The day prior to the official “Victory Day” celebration usually isn’t so hectic but with continuing protests and new President Vladimir Putin moving into high gear immediately, Tuesday was anything but leisurely.

The day began with the traditional laying of the wreath at the Tomb of the Unknown Soldier. President Putin was front and centre but Mr. Medvedev wasn’t to be found. That didn’t last long as Mr. Putin convened a meeting of the State Duma and within mere minutes the parliamentary delegates had approved his selection as Prime Minister by a vote of 299 to 144.

Immediately after the vote President Putin signed an executive order declaring that Mr. Medvedev was Russia’s Prime Minister and the two were off to the races, so to speak.

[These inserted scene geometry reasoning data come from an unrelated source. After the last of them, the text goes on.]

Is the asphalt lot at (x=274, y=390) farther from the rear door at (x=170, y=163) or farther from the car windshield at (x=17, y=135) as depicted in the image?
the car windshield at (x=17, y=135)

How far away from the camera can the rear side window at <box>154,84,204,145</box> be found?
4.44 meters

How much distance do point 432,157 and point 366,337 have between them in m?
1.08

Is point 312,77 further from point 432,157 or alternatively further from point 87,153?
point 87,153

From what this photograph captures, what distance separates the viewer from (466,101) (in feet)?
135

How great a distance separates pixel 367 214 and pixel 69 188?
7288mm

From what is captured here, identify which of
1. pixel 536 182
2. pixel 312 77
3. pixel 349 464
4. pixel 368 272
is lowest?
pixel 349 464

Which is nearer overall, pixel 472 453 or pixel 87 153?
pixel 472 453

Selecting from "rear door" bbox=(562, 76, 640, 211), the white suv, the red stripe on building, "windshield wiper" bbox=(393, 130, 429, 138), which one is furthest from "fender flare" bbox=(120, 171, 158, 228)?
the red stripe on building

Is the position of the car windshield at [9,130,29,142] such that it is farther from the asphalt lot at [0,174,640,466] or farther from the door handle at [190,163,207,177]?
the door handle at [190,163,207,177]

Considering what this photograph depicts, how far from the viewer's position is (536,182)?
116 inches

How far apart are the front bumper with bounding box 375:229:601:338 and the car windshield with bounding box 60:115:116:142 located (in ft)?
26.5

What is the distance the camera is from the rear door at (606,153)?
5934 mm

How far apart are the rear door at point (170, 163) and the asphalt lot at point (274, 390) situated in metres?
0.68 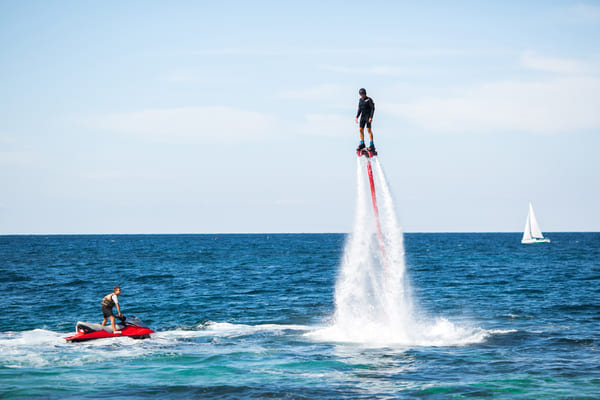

Meanwhile street protests were continuing across Moscow and other cities, albeit in smaller numbers. We’d been told that OMOH troops were arresting citizens who stopped on the plazas or streets just to chat. Apparently it was necessary to keep moving or risk going to jail.

Russian OMOH (riot) troops.

The street violence was nothing like Sunday and Monday but there were clashes citizens and police especially if the troops were intent on arresting someone just as an example to others…that will likely be a more frequent practice under the new president.

OMOH troops and police make another arrest. Brute force is the only technique these troops seem to understand.

We wanted to see how Alyona Popova and Mariya Perfileva were faring, especially as it had been raining for much of the morning hours and Alyona’s arm only recently has been taken out of a sling. It was broken in March when she was beaten by OMOH troops.

Happily, Alyona and Mariya had been sheltered from the rain by a large plastic canopy and later by kind umbrella holders and by that time the sun had arrived to bless the day.

Waving with her good hand, it’s nice to see the smile back.

In good spirits, Alyona flexed her muscles with the injured arm to show everyone that she was healing nicely and on schedule.

Alyona Popova showed her healed arm as Mariya Perfileva held the umbrella.

Earlier in the day OMOH troops had visited popular eateries where local journalists hang out and had been arresting any member of the media not wearing a special yellow jacket with the words пресс (press) on the front and back. Apparently they were serious.

OMOH troops arrested journalists who didn’t wear a bright yellow/orange jacket with the word пресс (press).

As nightfall arrived the police and OMOH troops seemed intent to clear the streets of any opposition in preparation for the 9 May Victory Day celebrations and parade.

Watch this video from Alyona’s phone: 2624515?player=html

Later in the evening some journalists were missing so everyone began texting and/or calling in locations in sort of a “buddy system.”

That worked well for some.

Sending out locations.

The mark of a good journalist is to find out which of your friends is in jail…again. Everybody text your location, well, that is if you still have control of your phone. (Photo from mobile phone of Kseniya Larina of Moscow Echo radio.)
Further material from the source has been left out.